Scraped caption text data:
BEGIN

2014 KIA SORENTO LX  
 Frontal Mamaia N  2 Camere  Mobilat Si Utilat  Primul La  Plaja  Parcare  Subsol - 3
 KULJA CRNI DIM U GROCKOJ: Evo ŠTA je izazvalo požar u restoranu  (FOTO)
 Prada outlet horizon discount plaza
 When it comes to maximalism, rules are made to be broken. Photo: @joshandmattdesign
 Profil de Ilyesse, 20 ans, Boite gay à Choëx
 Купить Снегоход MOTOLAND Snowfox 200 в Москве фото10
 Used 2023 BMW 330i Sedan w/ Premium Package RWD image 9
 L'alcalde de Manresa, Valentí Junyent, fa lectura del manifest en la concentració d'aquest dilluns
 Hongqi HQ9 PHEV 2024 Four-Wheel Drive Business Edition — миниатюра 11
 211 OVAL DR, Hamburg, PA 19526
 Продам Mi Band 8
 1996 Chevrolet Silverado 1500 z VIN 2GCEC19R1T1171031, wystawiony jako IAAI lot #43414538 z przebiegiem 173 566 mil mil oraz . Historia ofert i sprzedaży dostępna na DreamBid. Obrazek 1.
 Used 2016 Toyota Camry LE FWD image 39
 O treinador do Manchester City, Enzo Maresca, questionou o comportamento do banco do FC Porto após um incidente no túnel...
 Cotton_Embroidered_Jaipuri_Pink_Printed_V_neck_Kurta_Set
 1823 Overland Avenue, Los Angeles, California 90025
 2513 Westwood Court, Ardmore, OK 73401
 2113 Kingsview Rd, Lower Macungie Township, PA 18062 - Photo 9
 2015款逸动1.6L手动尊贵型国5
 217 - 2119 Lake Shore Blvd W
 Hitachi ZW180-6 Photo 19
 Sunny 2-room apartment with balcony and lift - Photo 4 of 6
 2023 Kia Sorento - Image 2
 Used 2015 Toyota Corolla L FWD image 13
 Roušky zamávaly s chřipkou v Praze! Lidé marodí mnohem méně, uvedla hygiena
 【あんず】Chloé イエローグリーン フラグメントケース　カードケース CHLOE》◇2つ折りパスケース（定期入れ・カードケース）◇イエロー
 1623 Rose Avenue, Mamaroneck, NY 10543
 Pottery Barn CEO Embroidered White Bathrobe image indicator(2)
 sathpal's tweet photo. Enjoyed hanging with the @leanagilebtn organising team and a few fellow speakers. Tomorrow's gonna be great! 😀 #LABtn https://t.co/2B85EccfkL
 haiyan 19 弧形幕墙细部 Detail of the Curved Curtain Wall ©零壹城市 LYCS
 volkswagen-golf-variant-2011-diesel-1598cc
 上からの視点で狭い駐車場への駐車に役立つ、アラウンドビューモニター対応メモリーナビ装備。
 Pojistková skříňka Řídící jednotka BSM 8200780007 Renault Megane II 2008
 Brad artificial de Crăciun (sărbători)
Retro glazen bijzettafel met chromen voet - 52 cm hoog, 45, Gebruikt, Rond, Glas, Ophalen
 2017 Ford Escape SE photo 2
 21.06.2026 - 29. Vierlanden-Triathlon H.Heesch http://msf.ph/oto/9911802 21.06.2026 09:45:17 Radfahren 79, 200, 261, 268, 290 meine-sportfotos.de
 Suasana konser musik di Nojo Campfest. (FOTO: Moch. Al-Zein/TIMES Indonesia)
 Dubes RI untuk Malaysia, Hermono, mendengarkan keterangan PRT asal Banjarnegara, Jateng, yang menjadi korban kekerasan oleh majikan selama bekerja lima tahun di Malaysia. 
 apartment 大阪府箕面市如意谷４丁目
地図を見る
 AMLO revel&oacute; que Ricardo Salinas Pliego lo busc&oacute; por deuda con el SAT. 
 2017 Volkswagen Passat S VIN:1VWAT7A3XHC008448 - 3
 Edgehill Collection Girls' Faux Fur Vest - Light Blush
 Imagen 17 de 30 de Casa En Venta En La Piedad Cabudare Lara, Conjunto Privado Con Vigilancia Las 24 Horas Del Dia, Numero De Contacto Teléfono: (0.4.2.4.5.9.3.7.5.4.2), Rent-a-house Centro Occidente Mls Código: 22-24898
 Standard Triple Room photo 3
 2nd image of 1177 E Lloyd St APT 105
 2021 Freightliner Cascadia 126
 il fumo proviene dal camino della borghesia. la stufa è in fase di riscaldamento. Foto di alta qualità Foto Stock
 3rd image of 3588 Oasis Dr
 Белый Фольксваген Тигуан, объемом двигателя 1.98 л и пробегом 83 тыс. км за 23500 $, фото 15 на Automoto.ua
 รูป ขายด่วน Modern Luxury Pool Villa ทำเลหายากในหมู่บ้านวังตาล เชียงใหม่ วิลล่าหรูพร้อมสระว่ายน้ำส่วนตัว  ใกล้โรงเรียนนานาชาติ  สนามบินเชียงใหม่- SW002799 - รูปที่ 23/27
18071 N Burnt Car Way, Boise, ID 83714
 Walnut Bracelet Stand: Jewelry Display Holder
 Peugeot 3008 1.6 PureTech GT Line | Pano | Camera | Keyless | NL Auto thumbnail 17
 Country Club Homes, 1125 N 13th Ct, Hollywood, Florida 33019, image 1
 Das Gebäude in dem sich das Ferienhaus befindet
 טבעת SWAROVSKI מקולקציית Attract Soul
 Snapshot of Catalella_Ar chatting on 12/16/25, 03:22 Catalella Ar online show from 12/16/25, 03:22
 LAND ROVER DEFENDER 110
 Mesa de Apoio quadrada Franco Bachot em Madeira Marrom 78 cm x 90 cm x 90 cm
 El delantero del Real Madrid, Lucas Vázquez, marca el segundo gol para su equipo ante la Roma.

END

Work request: Please return every line from the one that contains "Белый Фольксваген Тигуан, объемом" through the end of the entries, exactly, leaving out all others.

Answer to this problem:
 Белый Фольксваген Тигуан, объемом двигателя 1.98 л и пробегом 83 тыс. км за 23500 $, фото 15 на Automoto.ua
 รูป ขายด่วน Modern Luxury Pool Villa ทำเลหายากในหมู่บ้านวังตาล เชียงใหม่ วิลล่าหรูพร้อมสระว่ายน้ำส่วนตัว  ใกล้โรงเรียนนานาชาติ  สนามบินเชียงใหม่- SW002799 - รูปที่ 23/27
18071 N Burnt Car Way, Boise, ID 83714
 Walnut Bracelet Stand: Jewelry Display Holder
 Peugeot 3008 1.6 PureTech GT Line | Pano | Camera | Keyless | NL Auto thumbnail 17
 Country Club Homes, 1125 N 13th Ct, Hollywood, Florida 33019, image 1
 Das Gebäude in dem sich das Ferienhaus befindet
 טבעת SWAROVSKI מקולקציית Attract Soul
 Snapshot of Catalella_Ar chatting on 12/16/25, 03:22 Catalella Ar online show from 12/16/25, 03:22
 LAND ROVER DEFENDER 110
 Mesa de Apoio quadrada Franco Bachot em Madeira Marrom 78 cm x 90 cm x 90 cm
 El delantero del Real Madrid, Lucas Vázquez, marca el segundo gol para su equipo ante la Roma.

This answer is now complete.